How do you know if something is a yes?
Regan: I love the Greg McKeown approach. He suggests ranking your opportunities on a scale from 1 to 100. If the invite or request ranks below a 90, move it to a 0 and politely decline. In other words, it’s only a yes if it’s a hell yes.
As an entrepreneurial mom, what does the whole concept of “balance” mean to you?
Regan: I think balance is bunk. Unattainable. And you know what? That’s totally fine. Be on tilt about what you’re prioritizing, and when you get it, celebrate it—without wishing you had it all, whatever that means. I don’t think anyone has it all, at least not all at once. We need to stop pretending balance is a thing, because it’s a unicorn. And it’s making working moms the world over feel like they’re failing when they’re not.
No mama is an island. Who’s on your support team?

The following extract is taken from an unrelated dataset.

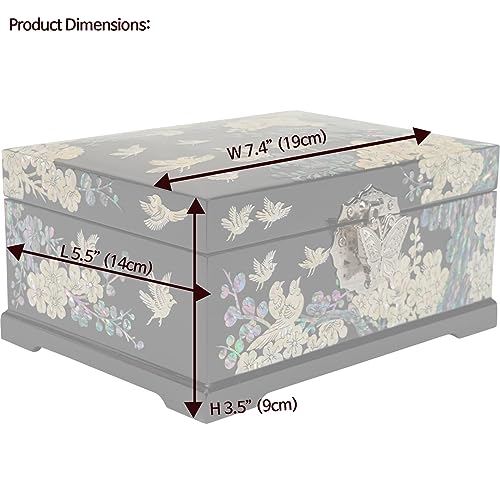Handcrafted Mother-of-Pearl Jewelry Box - Bird & Floral - Image 3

Regan: My biggest supporter is also my forever crush. Nick, who I’m lucky enough to be married to, who is thriving in his career while fully supporting and encouraging mine, too. There are times he’ll come straight off a week of travel and dive directly into solo parenthood so I can jet off next, always with a smile. He’s my number 1, and we invest time with each other accordingly. We prioritize date nights and vacations alone. We put the girls to bed early and sit on the porch and drink wine. We never stop dating. Learning how to nurture a good relationship didn’t come easily, by the way. I was actually married before, and it was all wrong, and we subsequently divorced. One lesson I learned was that we never carved out moments for each other. We spent a lot of time with his family or my family or with couple friends, but not as a unit. I actually learned that lesson on a bigger scale, too: When I didn’t prioritize meaningful relationships, I didn’t have them. I prioritize them now—with Nick, with family, with friends. And aside from Nick, I have a group of girlfriends all over the country who are like my personal board of directors—my cheerleaders, my truth tellers, my advisors. I’m so grateful.
Shed your shoulds.
Embrace your “nos” and makes your yeses count.

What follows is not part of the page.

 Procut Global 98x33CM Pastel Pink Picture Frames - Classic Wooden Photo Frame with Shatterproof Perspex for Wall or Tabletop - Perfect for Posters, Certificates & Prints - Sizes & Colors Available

My third piece of advice seems simple, but it’s really quite effective when you’re unsure what to do in any given situation, be it work or parenting or relationships. And that is this: Just take the next best step. Sometimes, we want to get from Point A to Point Z, and it can feel daunting and confusing and even paralyzing. You don’t even have to get from Point A to Point B in one move. Just take the next best step. I’ll be rooting for you.